The Clowns
Given the “Carnival Of Life” theme that always pervaded Federico Fellini’s work—his life as an artist almost literally takes the form of a three-ring circus in his autobiographical masterpiece 8 1/2—it was, as Fellini himself admits, inevitable that he would devote an entire movie to the subject. Produced in 1970 for Italian television, The Clowns is a loose, semi-experimental/semi-documentary/semi-fictional essay on circus jesters, their presence in the culture, and their profound affect on Fellini’s way of thinking. Though nowhere near as radical as Orson Welles’ F For Fake three years later, the film fiddles with the form in similarly libertine ways, zipping back and forth in time, bringing Fellini and friends into the picture, and incorporating vast chunks of a real big-top performance. It feels haphazardly conceived and rudderless at times, but it’s a fine supplement to Fellini’s filmography, pulling back the curtain on his favorite cinematic metaphor.

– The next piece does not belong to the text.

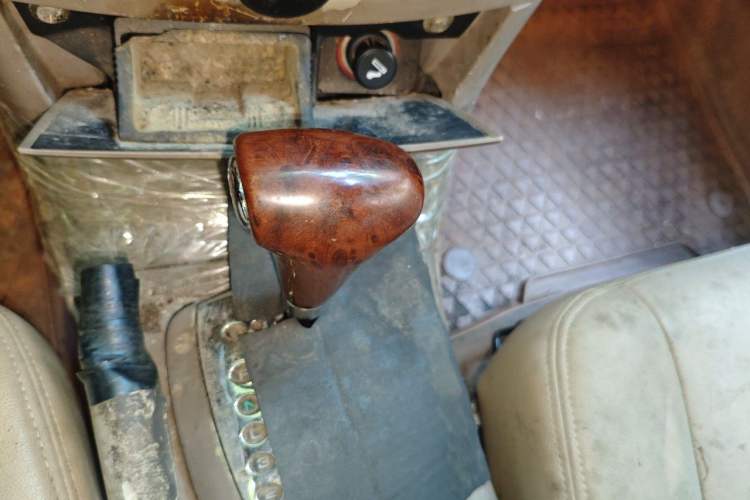 Used Brilliance BS6 2004 2.0L Automatic Comfort Version Gear Lever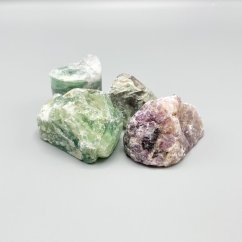 Surový fluorit dúhový, 100 - 200 g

The dreamlike opening shows young Fellini peering out of his bedroom window late at night, as workers labor to hoist a large circus tent. His boyish excitement and wonder are palpable, but when the action circles back to him later on, after we’ve seen several circus acts perform, Fellini reveals a surprising ambivalence about clowns. Between their chalked, ghastly, drunken faces and “atrocious” gags, the clowns frighten and repel him even as he’s drawn to the circus itself. From there, The Clowns launches into seriocomic vignettes about “clowns” in other villages, like a foot-tall nun or a mentally disturbed person who can recite every Mussolini speech verbatim. The hall-of-mirrors effect intensifies when the real Fellini shows up to ruminate as a camera crew trails him, and Geraldine Chaplin and La Dolce Vita goddess Anita Ekberg turn up for appearances.

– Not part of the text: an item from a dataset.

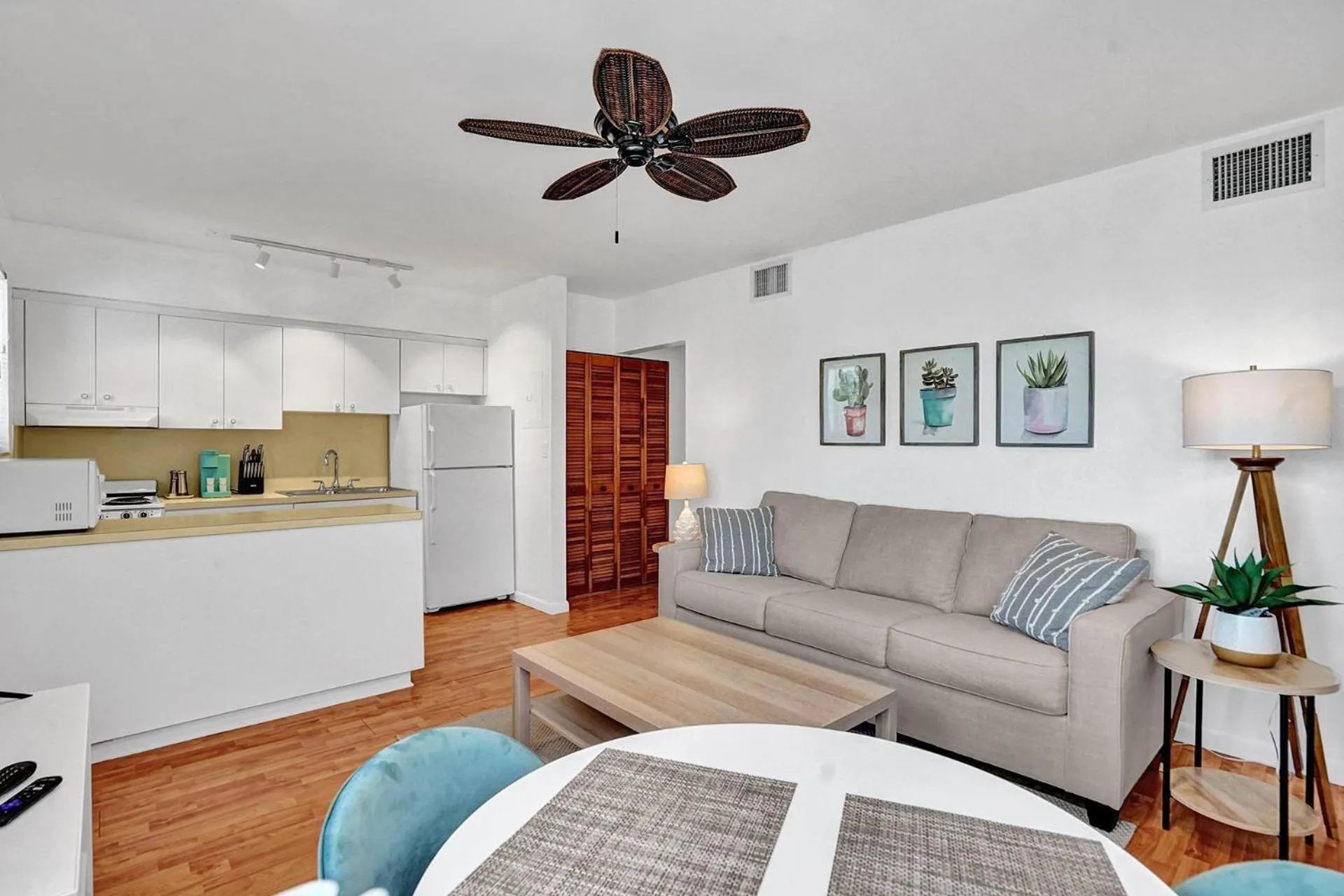 Suite #1 - Marine Villas Hollywood - 1 Bedroom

The most compelling scenes in The Clowns are simply performers performing: Fellini stations his camera like a front-row spectator and watches the circus play out in a compressed rush, with strongmen, lion-tamers, and goofs all getting their few minutes. The director’s philosophical connection to his subject is obvious to anyone even casually interested in his features, and the tone he takes here is familiar, oscillating between harried and whimsical on one end, and sentimental on the other. But The Clowns feels slight, intermittently beautiful—composer Nino Rota does particularly supple work here—but too much like a man writing his own footnotes.
Key features: The Clowns is spine number 001 for Raro Video USA, and the company has set the bar Criterion-level high. The packaging includes a 50-page booklet with Fellini’s notes and drawings on the film, and the two main supplements—an illuminating 45-minute visual essay by film historian Adriano Aprà and “Matrimonial Agency,” a 16-minute Fellini short extracted from the 1953 anthology film Love In The City—are equally generous.